At one point in the novel Nellie Zhang asks "doesn't setting out to reject the past guarantee you'll never be free of it? It's like being modern means walking with a built-in limp".

The question revolves around a discussion of Henry James and his fascination with the supernatural and Tom, de Kretser's narrator, is in the final stages of writing a book entitled 'Meddlesome Ghosts: Henry James and the Uncanny'. It is while holed up in the bush, taking a brief break from his project, that the dog goes missing.

'The Lost Dog' is a book about being haunted by what you have lost, what is absent, and when I think of ghost stories and hauntings I think of James. 'The Turn of the Screw' is the definitive ghost story and he also haunts 20th-century fiction."

Coupled with this is the idea of the modern, and many of James' novels juxtapose bright brash American characters with more sophisticated jaded Europeans. At the same time James saw Europe as the home of modern writing as opposed to the more Gothic literary style of his homeland.

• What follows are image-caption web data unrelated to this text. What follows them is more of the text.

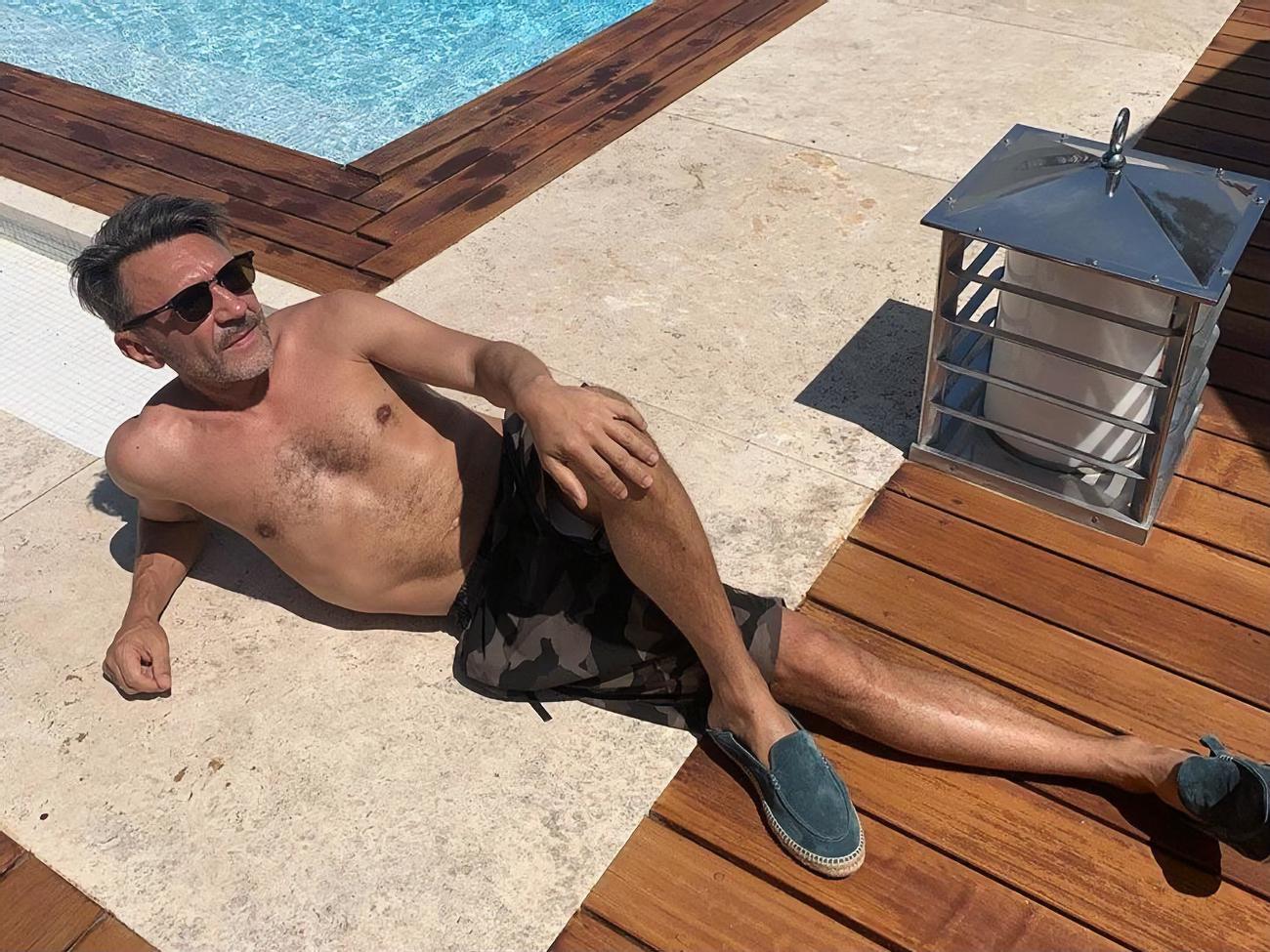 Шнуров про Собчак: "Дряблая, чудовищная прыть"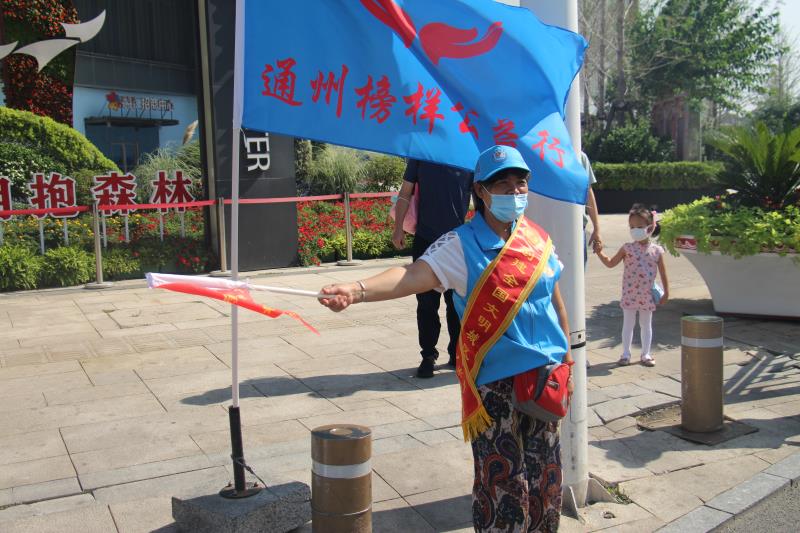 <strong>日本大鸡巴操逼网</strong>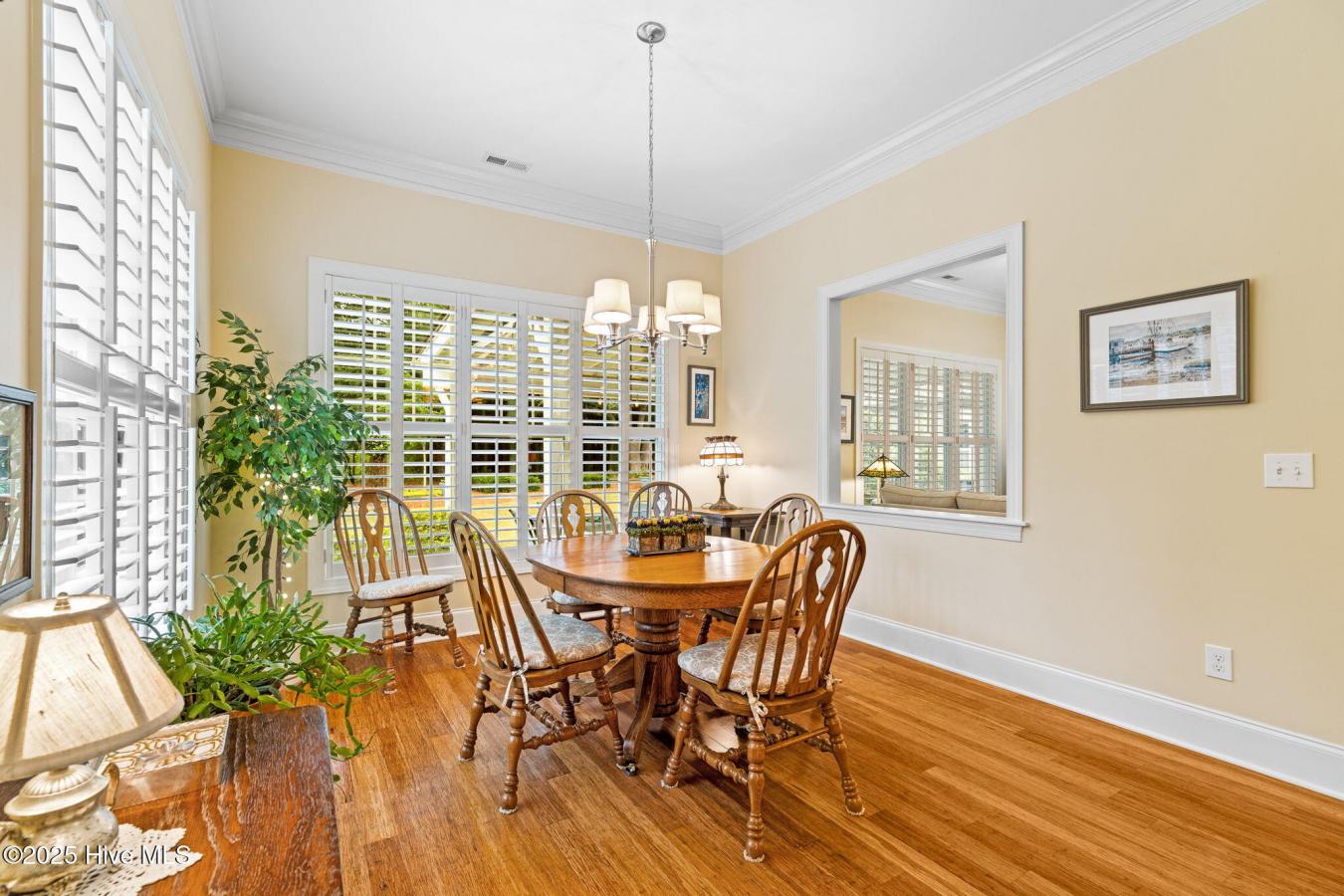 Wilmington, North Carolina, 28409, United States, 4 Bedrooms Bedrooms, ,3 BathroomsBathrooms,Residential,For Sale,1844451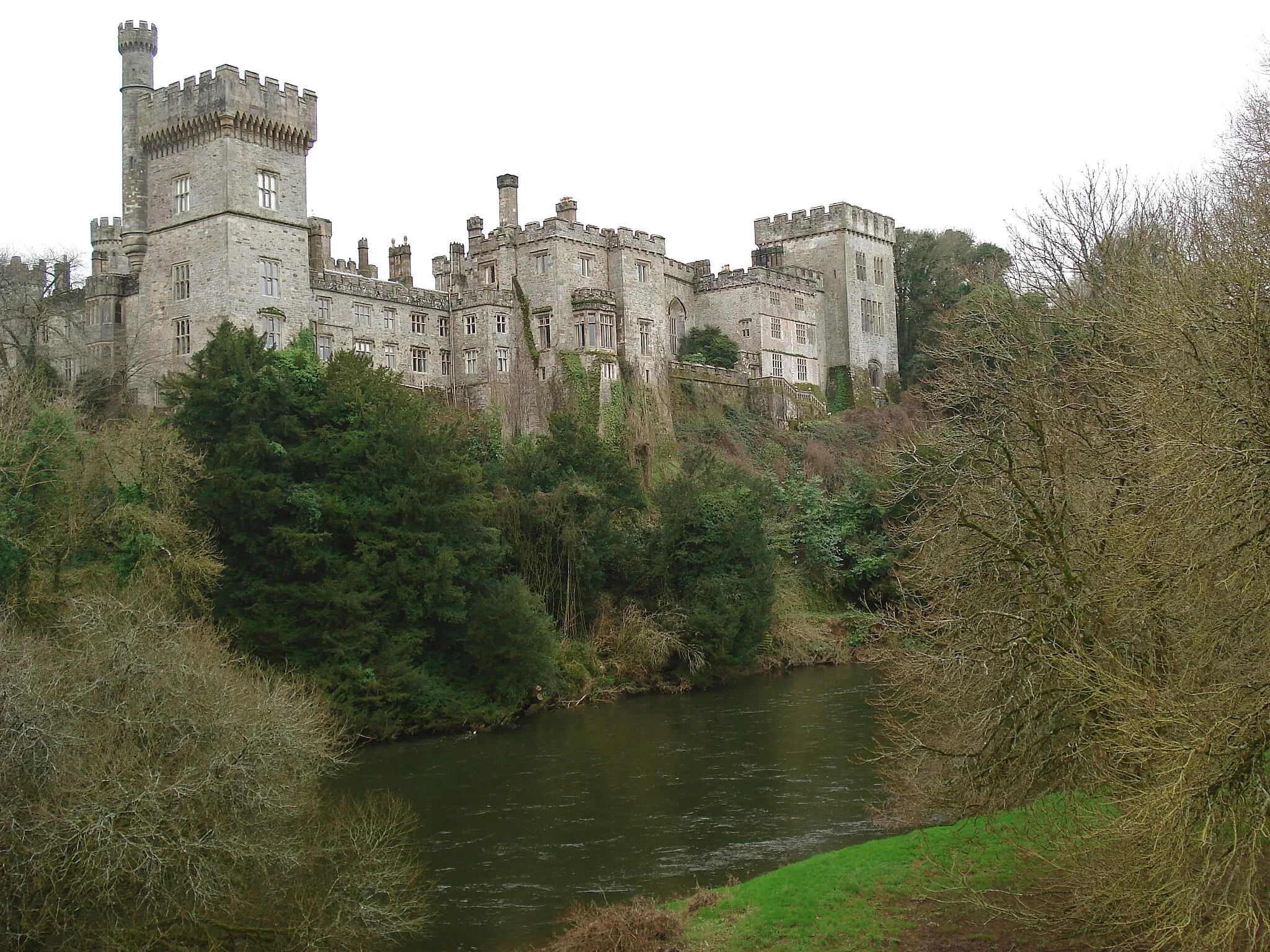Photo showing: Lismore Castle, located in the town of Lismore, in County Waterford, Ireland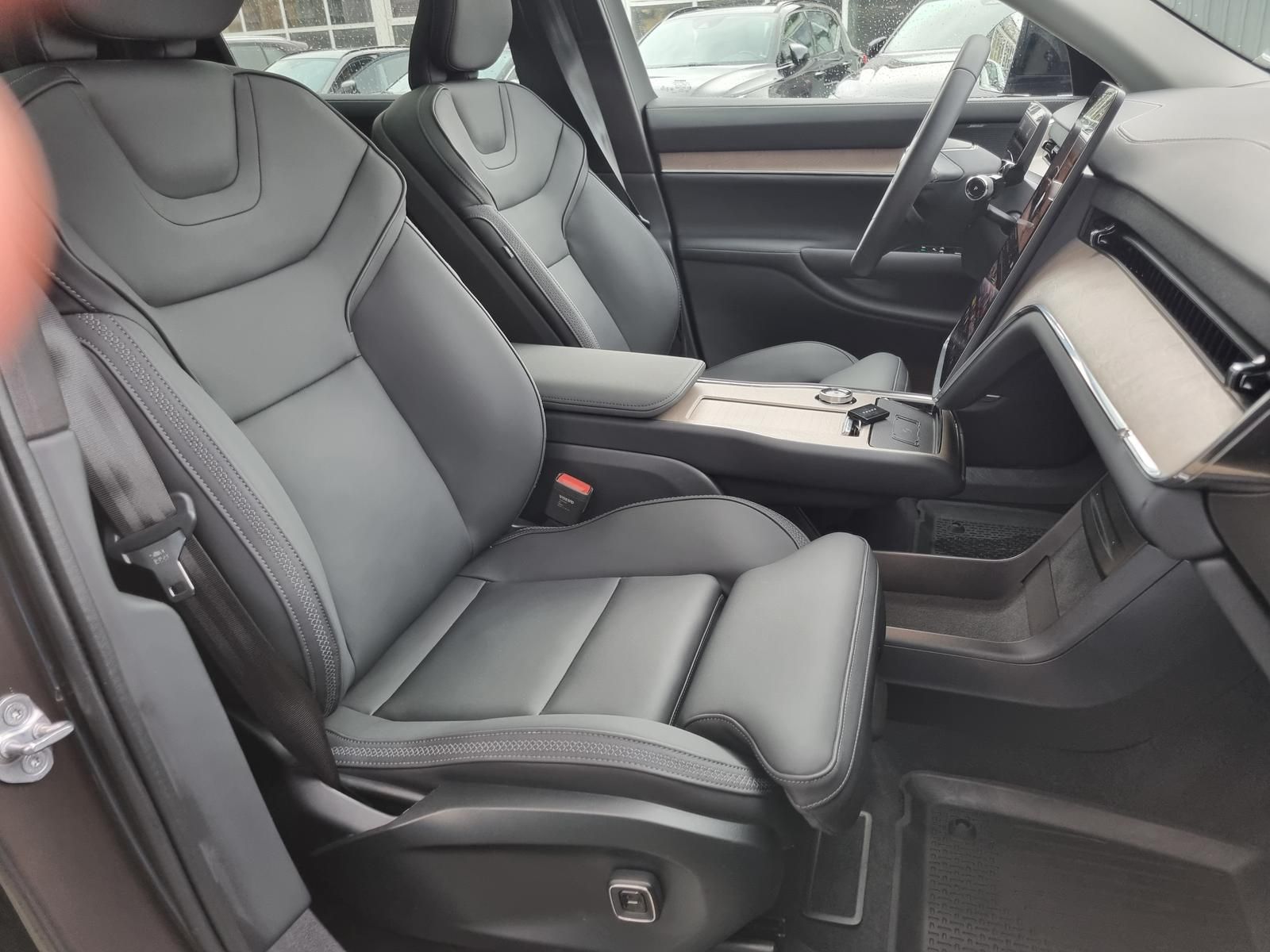 Fahrzeugabbildung Volvo EX90 TWIN AWD Ultra 7-Sitzer 'Ganzjahresreifen,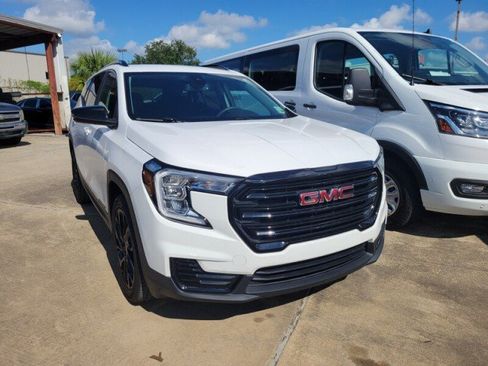 Used 2024 GMC Terrain SLE w/ Driver Convenience Package FWD image 3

Australia is a country with a complex response to its European colonial heritage, and an unease about the wild bush that presses in on our cities and reminds us of the aeons before white settlement.

De Kretser's descriptions of the brooding, steep damp forests of south Gippsland emphasise their power to conceal, and to create mystery. It is, looked at with a European sensibility, the Gothic counterpart to the brash young cities of the plains.

De Kretser's haunting looks back from the future as well as from the present. The past is always there in the present, but the present will also some day be the past, and as strange as it once was familiar.

As much as we are caught up in the present of the novel, de Kretser gives us tantalising glimpses of a future in which her characters are no longer the same. And can we trust what they tell us anyway? The unreliable narrator is another Jamesian touch, and also a very de Kretserian one. The Lost Dog is published by Allen & Unwin.